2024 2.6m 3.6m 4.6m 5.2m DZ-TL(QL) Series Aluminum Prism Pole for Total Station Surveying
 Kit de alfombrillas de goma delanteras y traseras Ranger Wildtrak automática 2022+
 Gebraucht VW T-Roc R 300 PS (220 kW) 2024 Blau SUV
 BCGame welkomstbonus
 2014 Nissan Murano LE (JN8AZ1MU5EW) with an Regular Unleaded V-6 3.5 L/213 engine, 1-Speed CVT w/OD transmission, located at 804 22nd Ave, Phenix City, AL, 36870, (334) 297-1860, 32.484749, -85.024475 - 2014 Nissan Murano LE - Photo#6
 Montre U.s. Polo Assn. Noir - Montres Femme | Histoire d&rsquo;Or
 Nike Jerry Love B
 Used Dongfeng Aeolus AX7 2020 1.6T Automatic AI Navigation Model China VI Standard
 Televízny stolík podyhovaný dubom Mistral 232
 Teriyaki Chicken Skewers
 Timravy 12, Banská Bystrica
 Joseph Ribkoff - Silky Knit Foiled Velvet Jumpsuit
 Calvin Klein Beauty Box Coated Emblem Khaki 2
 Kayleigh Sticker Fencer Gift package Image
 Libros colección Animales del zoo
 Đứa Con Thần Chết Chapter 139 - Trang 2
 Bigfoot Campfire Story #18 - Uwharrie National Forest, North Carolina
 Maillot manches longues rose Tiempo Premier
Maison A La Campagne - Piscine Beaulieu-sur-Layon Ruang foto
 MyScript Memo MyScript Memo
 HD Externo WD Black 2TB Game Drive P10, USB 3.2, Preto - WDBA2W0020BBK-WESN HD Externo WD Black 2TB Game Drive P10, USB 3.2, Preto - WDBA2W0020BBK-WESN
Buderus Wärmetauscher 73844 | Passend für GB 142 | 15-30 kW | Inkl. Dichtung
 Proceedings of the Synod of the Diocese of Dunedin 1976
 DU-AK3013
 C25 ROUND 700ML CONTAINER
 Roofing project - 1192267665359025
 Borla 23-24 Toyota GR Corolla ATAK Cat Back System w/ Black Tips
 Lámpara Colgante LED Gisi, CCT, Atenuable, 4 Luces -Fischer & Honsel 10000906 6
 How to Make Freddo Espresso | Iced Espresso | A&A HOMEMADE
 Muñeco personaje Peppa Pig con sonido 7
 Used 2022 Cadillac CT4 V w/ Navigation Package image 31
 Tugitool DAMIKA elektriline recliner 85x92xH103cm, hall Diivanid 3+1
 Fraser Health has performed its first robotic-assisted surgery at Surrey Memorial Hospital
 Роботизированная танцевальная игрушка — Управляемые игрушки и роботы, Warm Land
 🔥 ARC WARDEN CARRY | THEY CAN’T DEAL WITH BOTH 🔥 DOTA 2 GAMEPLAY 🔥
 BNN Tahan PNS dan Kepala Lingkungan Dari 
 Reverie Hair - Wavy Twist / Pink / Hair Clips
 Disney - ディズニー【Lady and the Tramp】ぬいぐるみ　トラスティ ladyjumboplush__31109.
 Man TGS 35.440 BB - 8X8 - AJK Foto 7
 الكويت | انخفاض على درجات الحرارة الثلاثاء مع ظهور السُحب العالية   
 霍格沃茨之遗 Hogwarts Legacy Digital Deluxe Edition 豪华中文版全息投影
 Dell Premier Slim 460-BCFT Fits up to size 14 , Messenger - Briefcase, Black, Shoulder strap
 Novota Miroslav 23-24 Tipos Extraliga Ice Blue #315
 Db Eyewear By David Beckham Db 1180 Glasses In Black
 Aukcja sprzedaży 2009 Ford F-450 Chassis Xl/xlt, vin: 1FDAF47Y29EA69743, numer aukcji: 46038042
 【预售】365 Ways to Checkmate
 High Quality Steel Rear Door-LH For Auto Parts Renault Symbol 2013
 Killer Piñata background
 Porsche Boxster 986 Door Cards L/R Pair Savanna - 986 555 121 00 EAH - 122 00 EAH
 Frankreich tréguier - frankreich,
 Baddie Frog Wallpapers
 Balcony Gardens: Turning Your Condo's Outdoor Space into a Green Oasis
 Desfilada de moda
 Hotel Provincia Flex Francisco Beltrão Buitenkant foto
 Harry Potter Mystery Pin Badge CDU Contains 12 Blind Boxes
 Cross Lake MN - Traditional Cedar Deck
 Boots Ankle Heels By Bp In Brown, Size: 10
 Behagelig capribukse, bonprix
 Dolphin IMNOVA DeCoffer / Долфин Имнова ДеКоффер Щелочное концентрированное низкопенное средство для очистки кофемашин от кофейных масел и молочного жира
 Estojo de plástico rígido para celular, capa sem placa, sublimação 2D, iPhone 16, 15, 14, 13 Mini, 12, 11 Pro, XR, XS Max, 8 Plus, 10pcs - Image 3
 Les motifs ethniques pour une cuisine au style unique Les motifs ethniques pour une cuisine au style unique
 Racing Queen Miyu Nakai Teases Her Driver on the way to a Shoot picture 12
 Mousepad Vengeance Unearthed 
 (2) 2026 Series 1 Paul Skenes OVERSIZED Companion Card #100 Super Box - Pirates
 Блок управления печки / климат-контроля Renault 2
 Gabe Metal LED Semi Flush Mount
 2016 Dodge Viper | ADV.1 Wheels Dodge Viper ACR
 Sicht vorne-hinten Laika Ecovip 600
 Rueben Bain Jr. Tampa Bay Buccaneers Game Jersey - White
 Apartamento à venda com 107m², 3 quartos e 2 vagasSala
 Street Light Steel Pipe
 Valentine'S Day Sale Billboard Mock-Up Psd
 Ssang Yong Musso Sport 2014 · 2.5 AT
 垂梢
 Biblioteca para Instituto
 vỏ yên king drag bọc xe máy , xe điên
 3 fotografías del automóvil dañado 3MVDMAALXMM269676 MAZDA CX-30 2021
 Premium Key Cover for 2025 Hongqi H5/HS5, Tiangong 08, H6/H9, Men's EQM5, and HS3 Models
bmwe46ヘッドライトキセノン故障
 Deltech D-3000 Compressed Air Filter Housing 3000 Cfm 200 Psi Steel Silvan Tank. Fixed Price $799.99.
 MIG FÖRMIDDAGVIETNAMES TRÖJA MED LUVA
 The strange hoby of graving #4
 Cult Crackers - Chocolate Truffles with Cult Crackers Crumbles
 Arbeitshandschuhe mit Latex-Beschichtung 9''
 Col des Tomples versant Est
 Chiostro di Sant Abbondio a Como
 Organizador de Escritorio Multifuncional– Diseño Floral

______

REQUIRED WORK> Repeat the records exactly, including every line.

SOLUTION>
2024 2.6m 3.6m 4.6m 5.2m DZ-TL(QL) Series Aluminum Prism Pole for Total Station Surveying
 Kit de alfombrillas de goma delanteras y traseras Ranger Wildtrak automática 2022+
 Gebraucht VW T-Roc R 300 PS (220 kW) 2024 Blau SUV
 BCGame welkomstbonus
 2014 Nissan Murano LE (JN8AZ1MU5EW) with an Regular Unleaded V-6 3.5 L/213 engine, 1-Speed CVT w/OD transmission, located at 804 22nd Ave, Phenix City, AL, 36870, (334) 297-1860, 32.484749, -85.024475 - 2014 Nissan Murano LE - Photo#6
 Montre U.s. Polo Assn. Noir - Montres Femme | Histoire d&rsquo;Or
 Nike Jerry Love B
 Used Dongfeng Aeolus AX7 2020 1.6T Automatic AI Navigation Model China VI Standard
 Televízny stolík podyhovaný dubom Mistral 232
 Teriyaki Chicken Skewers
 Timravy 12, Banská Bystrica
 Joseph Ribkoff - Silky Knit Foiled Velvet Jumpsuit
 Calvin Klein Beauty Box Coated Emblem Khaki 2
 Kayleigh Sticker Fencer Gift package Image
 Libros colección Animales del zoo
 Đứa Con Thần Chết Chapter 139 - Trang 2
 Bigfoot Campfire Story #18 - Uwharrie National Forest, North Carolina
 Maillot manches longues rose Tiempo Premier
Maison A La Campagne - Piscine Beaulieu-sur-Layon Ruang foto
 MyScript Memo MyScript Memo
 HD Externo WD Black 2TB Game Drive P10, USB 3.2, Preto - WDBA2W0020BBK-WESN HD Externo WD Black 2TB Game Drive P10, USB 3.2, Preto - WDBA2W0020BBK-WESN
Buderus Wärmetauscher 73844 | Passend für GB 142 | 15-30 kW | Inkl. Dichtung
 Proceedings of the Synod of the Diocese of Dunedin 1976
 DU-AK3013
 C25 ROUND 700ML CONTAINER
 Roofing project - 1192267665359025
 Borla 23-24 Toyota GR Corolla ATAK Cat Back System w/ Black Tips
 Lámpara Colgante LED Gisi, CCT, Atenuable, 4 Luces -Fischer & Honsel 10000906 6
 How to Make Freddo Espresso | Iced Espresso | A&A HOMEMADE
 Muñeco personaje Peppa Pig con sonido 7
 Used 2022 Cadillac CT4 V w/ Navigation Package image 31
 Tugitool DAMIKA elektriline recliner 85x92xH103cm, hall Diivanid 3+1
 Fraser Health has performed its first robotic-assisted surgery at Surrey Memorial Hospital
 Роботизированная танцевальная игрушка — Управляемые игрушки и роботы, Warm Land
 🔥 ARC WARDEN CARRY | THEY CAN’T DEAL WITH BOTH 🔥 DOTA 2 GAMEPLAY 🔥
 BNN Tahan PNS dan Kepala Lingkungan Dari 
 Reverie Hair - Wavy Twist / Pink / Hair Clips
 Disney - ディズニー【Lady and the Tramp】ぬいぐるみ　トラスティ ladyjumboplush__31109.
 Man TGS 35.440 BB - 8X8 - AJK Foto 7
 الكويت | انخفاض على درجات الحرارة الثلاثاء مع ظهور السُحب العالية   
 霍格沃茨之遗 Hogwarts Legacy Digital Deluxe Edition 豪华中文版全息投影
 Dell Premier Slim 460-BCFT Fits up to size 14 , Messenger - Briefcase, Black, Shoulder strap
 Novota Miroslav 23-24 Tipos Extraliga Ice Blue #315
 Db Eyewear By David Beckham Db 1180 Glasses In Black
 Aukcja sprzedaży 2009 Ford F-450 Chassis Xl/xlt, vin: 1FDAF47Y29EA69743, numer aukcji: 46038042
 【预售】365 Ways to Checkmate
 High Quality Steel Rear Door-LH For Auto Parts Renault Symbol 2013
 Killer Piñata background
 Porsche Boxster 986 Door Cards L/R Pair Savanna - 986 555 121 00 EAH - 122 00 EAH
 Frankreich tréguier - frankreich,
 Baddie Frog Wallpapers
 Balcony Gardens: Turning Your Condo's Outdoor Space into a Green Oasis
 Desfilada de moda
 Hotel Provincia Flex Francisco Beltrão Buitenkant foto
 Harry Potter Mystery Pin Badge CDU Contains 12 Blind Boxes
 Cross Lake MN - Traditional Cedar Deck
 Boots Ankle Heels By Bp In Brown, Size: 10
 Behagelig capribukse, bonprix
 Dolphin IMNOVA DeCoffer / Долфин Имнова ДеКоффер Щелочное концентрированное низкопенное средство для очистки кофемашин от кофейных масел и молочного жира
 Estojo de plástico rígido para celular, capa sem placa, sublimação 2D, iPhone 16, 15, 14, 13 Mini, 12, 11 Pro, XR, XS Max, 8 Plus, 10pcs - Image 3
 Les motifs ethniques pour une cuisine au style unique Les motifs ethniques pour une cuisine au style unique
 Racing Queen Miyu Nakai Teases Her Driver on the way to a Shoot picture 12
 Mousepad Vengeance Unearthed 
 (2) 2026 Series 1 Paul Skenes OVERSIZED Companion Card #100 Super Box - Pirates
 Блок управления печки / климат-контроля Renault 2
 Gabe Metal LED Semi Flush Mount
 2016 Dodge Viper | ADV.1 Wheels Dodge Viper ACR
 Sicht vorne-hinten Laika Ecovip 600
 Rueben Bain Jr. Tampa Bay Buccaneers Game Jersey - White
 Apartamento à venda com 107m², 3 quartos e 2 vagasSala
 Street Light Steel Pipe
 Valentine'S Day Sale Billboard Mock-Up Psd
 Ssang Yong Musso Sport 2014 · 2.5 AT
 垂梢
 Biblioteca para Instituto
 vỏ yên king drag bọc xe máy , xe điên
 3 fotografías del automóvil dañado 3MVDMAALXMM269676 MAZDA CX-30 2021
 Premium Key Cover for 2025 Hongqi H5/HS5, Tiangong 08, H6/H9, Men's EQM5, and HS3 Models
bmwe46ヘッドライトキセノン故障
 Deltech D-3000 Compressed Air Filter Housing 3000 Cfm 200 Psi Steel Silvan Tank. Fixed Price $799.99.
 MIG FÖRMIDDAGVIETNAMES TRÖJA MED LUVA
 The strange hoby of graving #4
 Cult Crackers - Chocolate Truffles with Cult Crackers Crumbles
 Arbeitshandschuhe mit Latex-Beschichtung 9''
 Col des Tomples versant Est
 Chiostro di Sant Abbondio a Como
 Organizador de Escritorio Multifuncional– Diseño Floral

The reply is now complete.